** Exercise **
Without including any image, retype the records word for word.

Stored entries

* * *

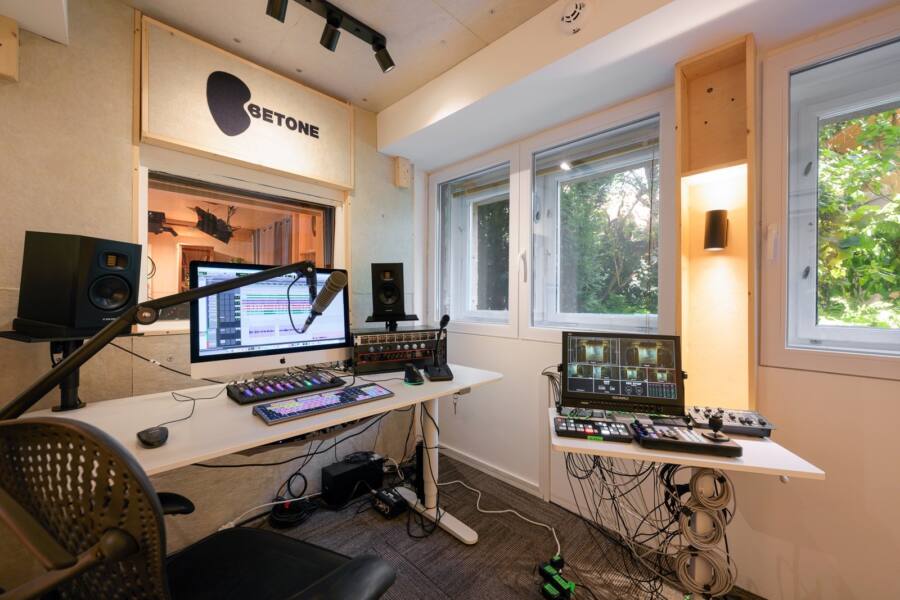 Studio 2: a desk with a computer, two monitor speakers and a microphone on a boom arm, a control desk beside it and windows onto the garden.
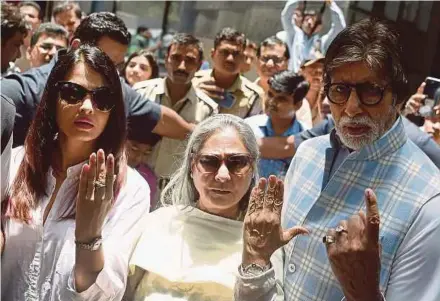  ?? AFP PIC ?? Bollywood actors Amitabh Bachchan (right), wife Jaya (centre) and daughter-in-law Aishwarya Rai after casting their vote in Mumbai yesterday.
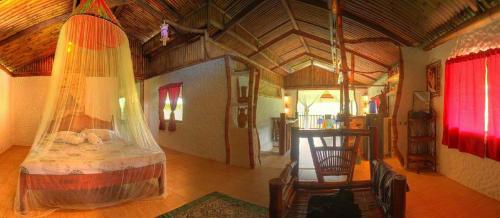 a bedroom with a bed in a room with a wooden ceiling at Bambua Nature Cottages in Puerto Princesa City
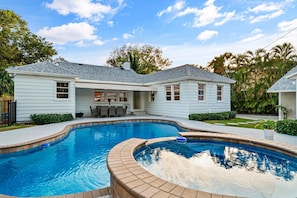 Beautiful backyard boasts a uniquely shaped swimming pool surrounded by lush greenery and a charming white home.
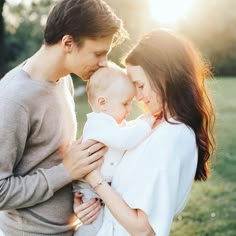 a man and woman holding a baby in their arms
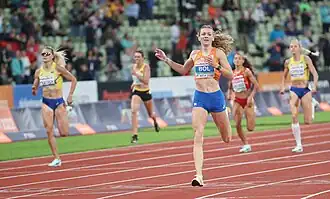 Photo of Viktoriya Tkachuk, Carolina Krafzik, Femke Bol, Sara Gallego, and Anna Ryzhykova on the track with spectators in the background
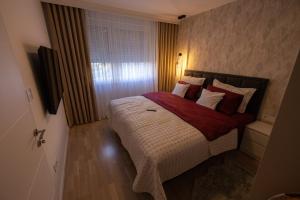 ein Schlafzimmer mit einem großen Bett mit roten und weißen Kissen in der Unterkunft Vividlux Apartments in Aranđelovac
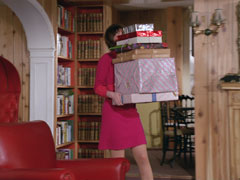 Tara is almost complete hidden behind the huge pile of parcels she carries in to Steed’s living room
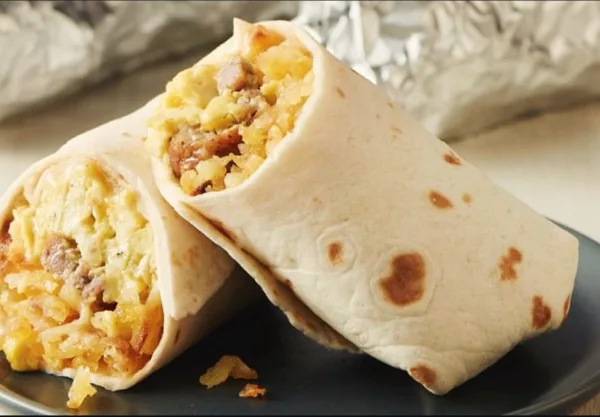 Two breakfast burritos cut in half to reveal a filling of scrambled eggs, potatoes, and sausage, served on a dark plate.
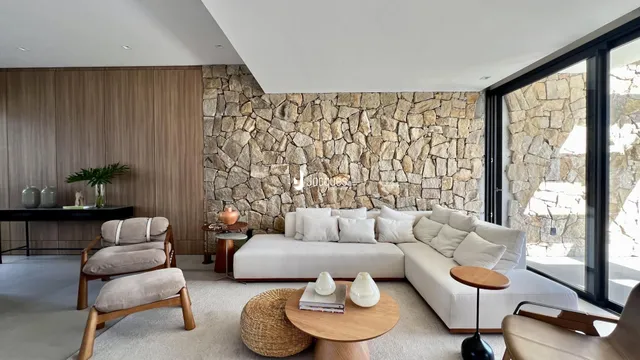 Sala de estar moderna com sofá branco e parede de pedra na residência.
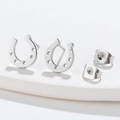 Detailed macro shot of silver horseshoe earrings with textured holes and butterfly backs - Steel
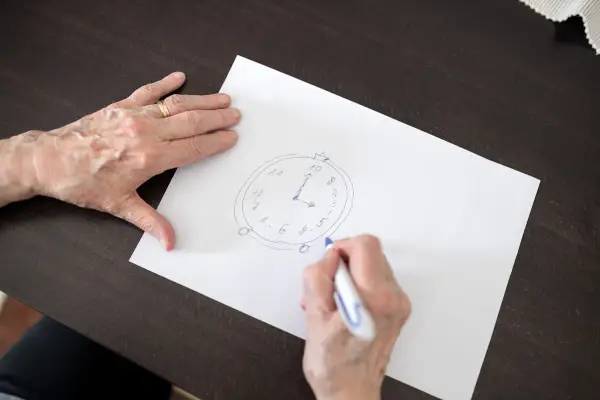 Mani anziane disegnano un orologio su carta, parte di un test memoria anziani.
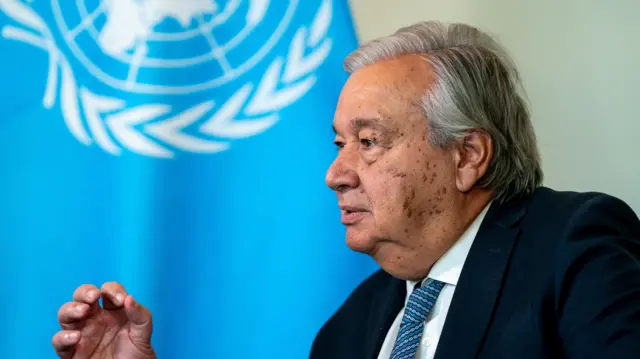 UN Secretary-General Antonio Guterres in front of UN flag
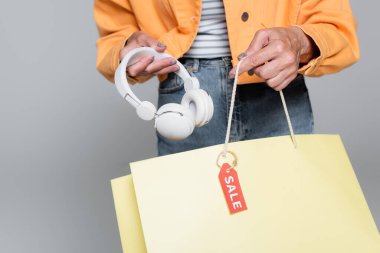 Kulaklık ve satış etiketli alışveriş çantası taşıyan yaşlı bir kadının gri renkli görüntüsü.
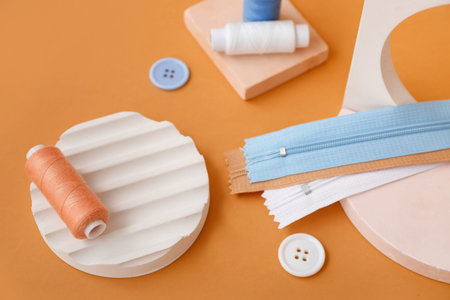 Podiums with thread spools, buttons and zips on orange background, closeup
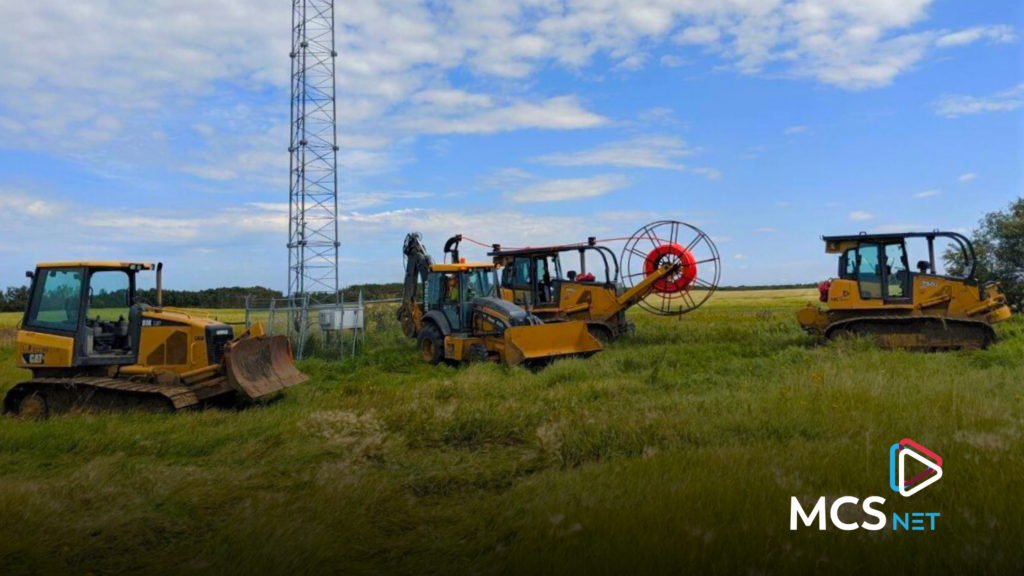 photo of fiber construction equipment in the countryside next to an MCSnet fixed wireless tower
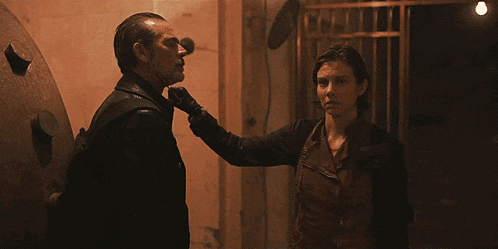 a man and a woman are standing next to each other and the woman is touching the man 's neck
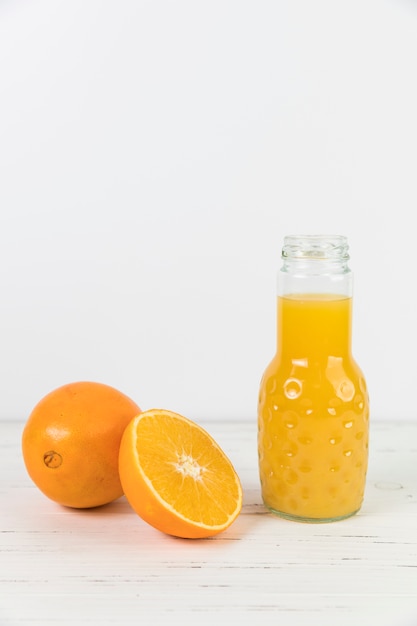 Feche acima do suco de laranja abriu a garrafa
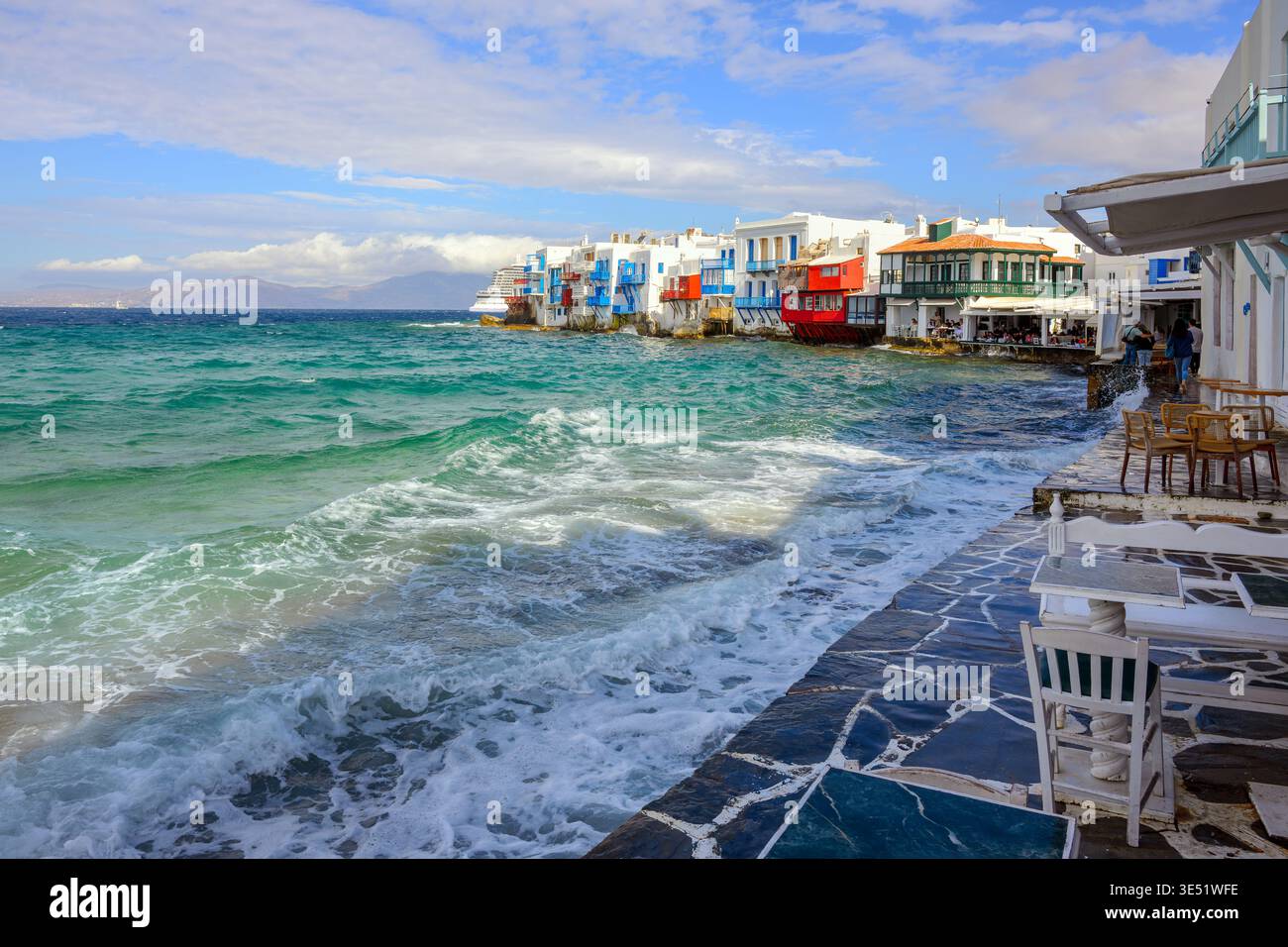 Wellen brechen gegen die Restaurants am Meer und die farbenfrohen Häuser aus dem 18. Jahrhundert im Viertel Little Venice in Mykonos Town auf der Insel Mykonos Griechenland Stockfoto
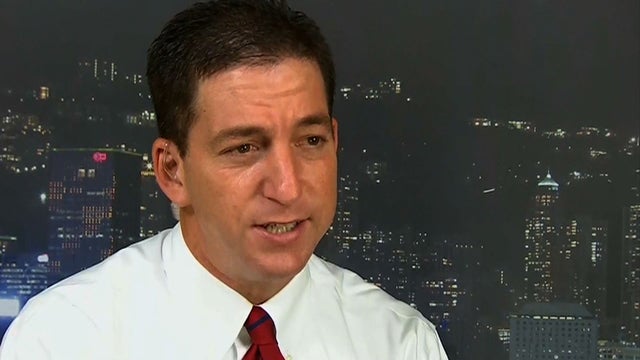 Journalist who broke surveillance story says he's glad public knows 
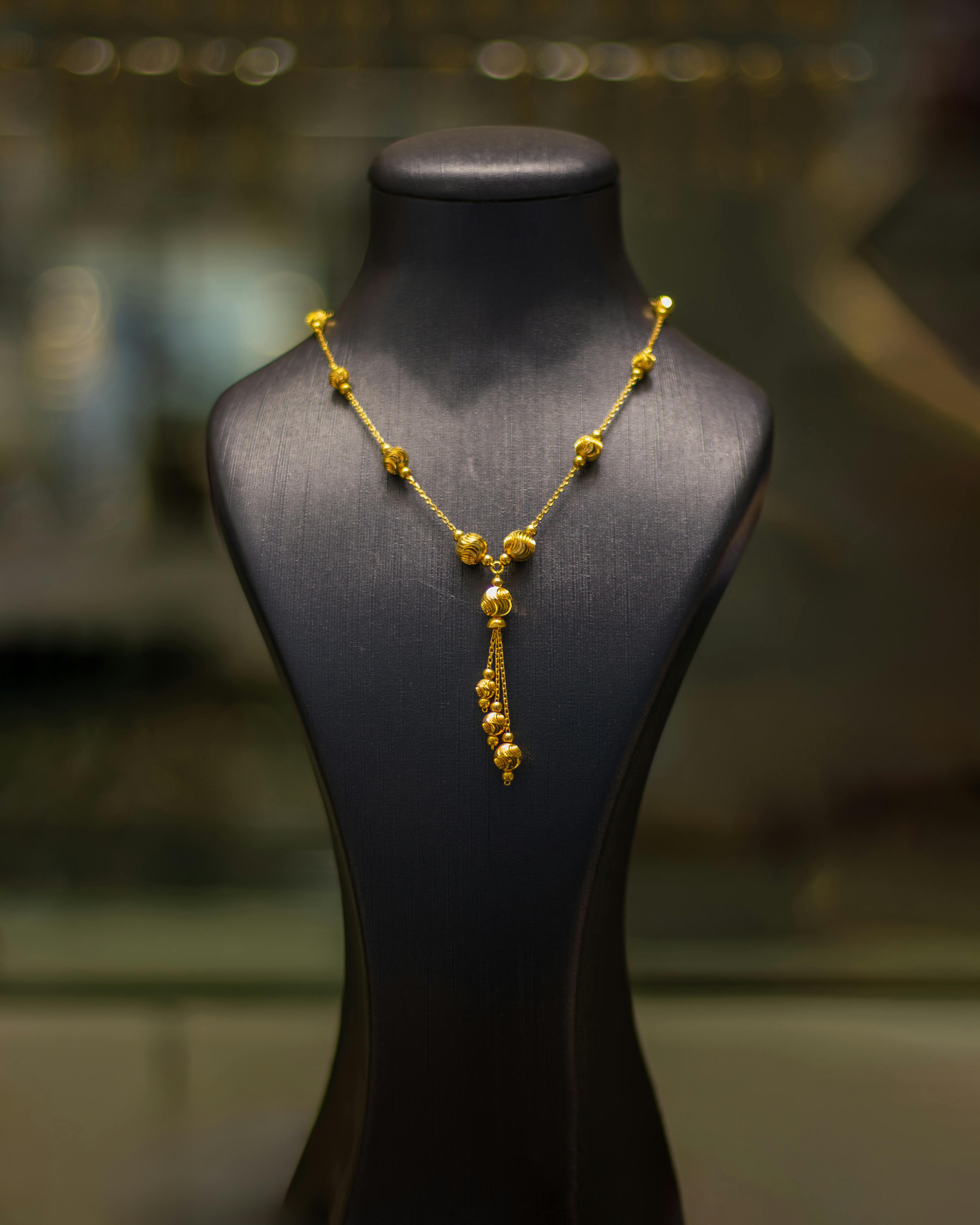 Elegant Gold Necklace on Display Mannequin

* * *

** Answer box **
 Studio 2: a desk with a computer, two monitor speakers and a microphone on a boom arm, a control desk beside it and windows onto the garden.
  ?? AFP PIC ?? Bollywood actors Amitabh Bachchan (right), wife Jaya (centre) and daughter-in-law Aishwarya Rai after casting their vote in Mumbai yesterday.
 a bedroom with a bed in a room with a wooden ceiling at Bambua Nature Cottages in Puerto Princesa City
 Beautiful backyard boasts a uniquely shaped swimming pool surrounded by lush greenery and a charming white home.
 a man and woman holding a baby in their arms
 Photo of Viktoriya Tkachuk, Carolina Krafzik, Femke Bol, Sara Gallego, and Anna Ryzhykova on the track with spectators in the background
 ein Schlafzimmer mit einem großen Bett mit roten und weißen Kissen in der Unterkunft Vividlux Apartments in Aranđelovac
 Tara is almost complete hidden behind the huge pile of parcels she carries in to Steed’s living room
 Two breakfast burritos cut in half to reveal a filling of scrambled eggs, potatoes, and sausage, served on a dark plate.
 Sala de estar moderna com sofá branco e parede de pedra na residência.
 Detailed macro shot of silver horseshoe earrings with textured holes and butterfly backs - Steel
 Mani anziane disegnano un orologio su carta, parte di un test memoria anziani.
 UN Secretary-General Antonio Guterres in front of UN flag
 Kulaklık ve satış etiketli alışveriş çantası taşıyan yaşlı bir kadının gri renkli görüntüsü.
 Podiums with thread spools, buttons and zips on orange background, closeup
 photo of fiber construction equipment in the countryside next to an MCSnet fixed wireless tower
 a man and a woman are standing next to each other and the woman is touching the man 's neck
 Feche acima do suco de laranja abriu a garrafa
 Wellen brechen gegen die Restaurants am Meer und die farbenfrohen Häuser aus dem 18. Jahrhundert im Viertel Little Venice in Mykonos Town auf der Insel Mykonos Griechenland Stockfoto
 Journalist who broke surveillance story says he's glad public knows 
 Elegant Gold Necklace on Display Mannequin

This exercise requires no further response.